## Extracted entries
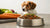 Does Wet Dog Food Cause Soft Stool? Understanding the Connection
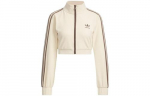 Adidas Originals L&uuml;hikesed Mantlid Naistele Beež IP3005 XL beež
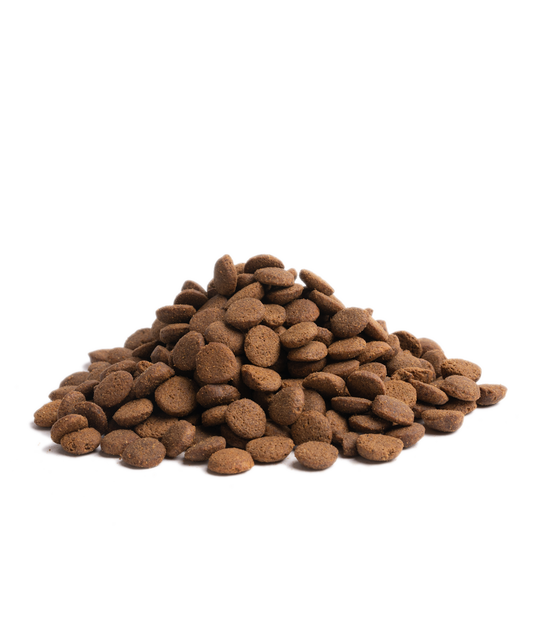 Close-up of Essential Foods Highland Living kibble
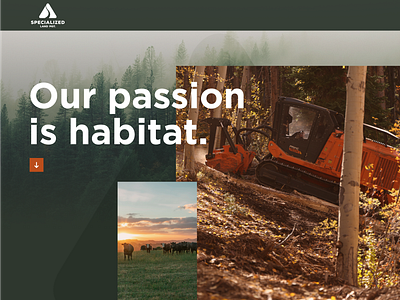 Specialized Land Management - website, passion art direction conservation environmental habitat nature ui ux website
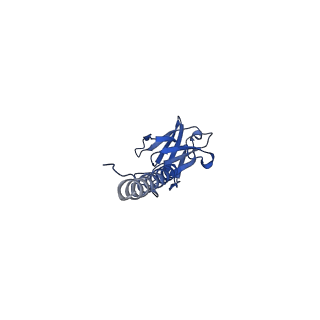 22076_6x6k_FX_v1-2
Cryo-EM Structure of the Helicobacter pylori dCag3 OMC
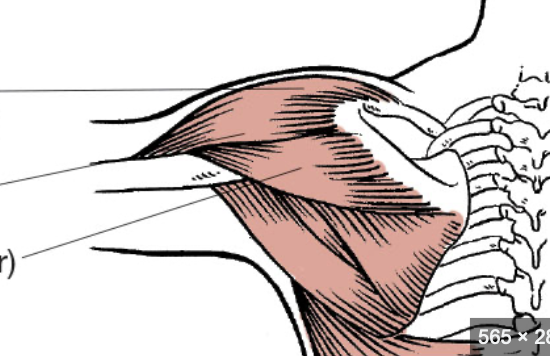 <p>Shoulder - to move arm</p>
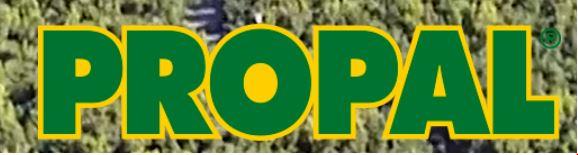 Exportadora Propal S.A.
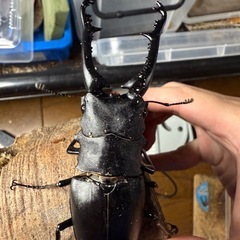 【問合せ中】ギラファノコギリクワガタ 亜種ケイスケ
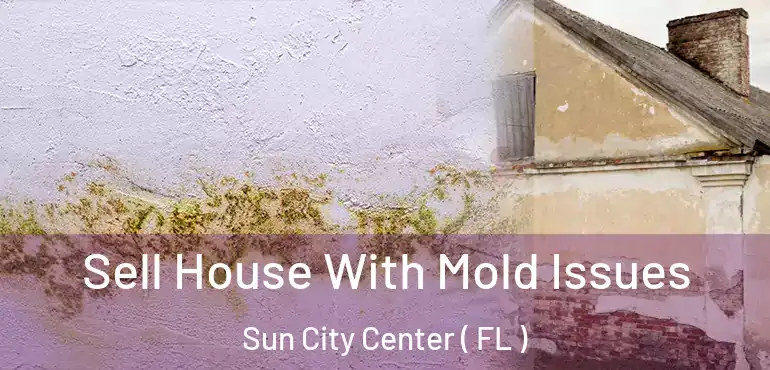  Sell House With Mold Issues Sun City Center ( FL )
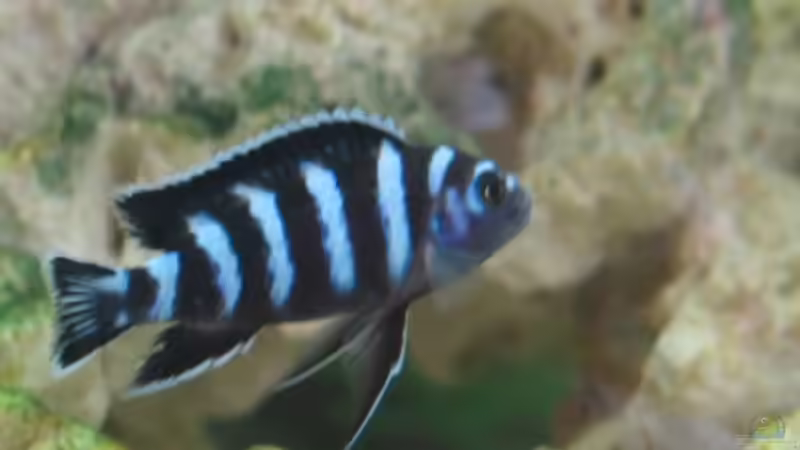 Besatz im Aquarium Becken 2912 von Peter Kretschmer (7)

## Assignment
Transcribe exactly the lines running from the line with "22076_6x6k_FX_v1-2" to the last line of the entries. Pictures stay out of the copy.

## Solution for this exercise
 22076_6x6k_FX_v1-2
Cryo-EM Structure of the Helicobacter pylori dCag3 OMC
 <p>Shoulder - to move arm</p>
 Exportadora Propal S.A.
 【問合せ中】ギラファノコギリクワガタ 亜種ケイスケ
  Sell House With Mold Issues Sun City Center ( FL )
 Besatz im Aquarium Becken 2912 von Peter Kretschmer (7)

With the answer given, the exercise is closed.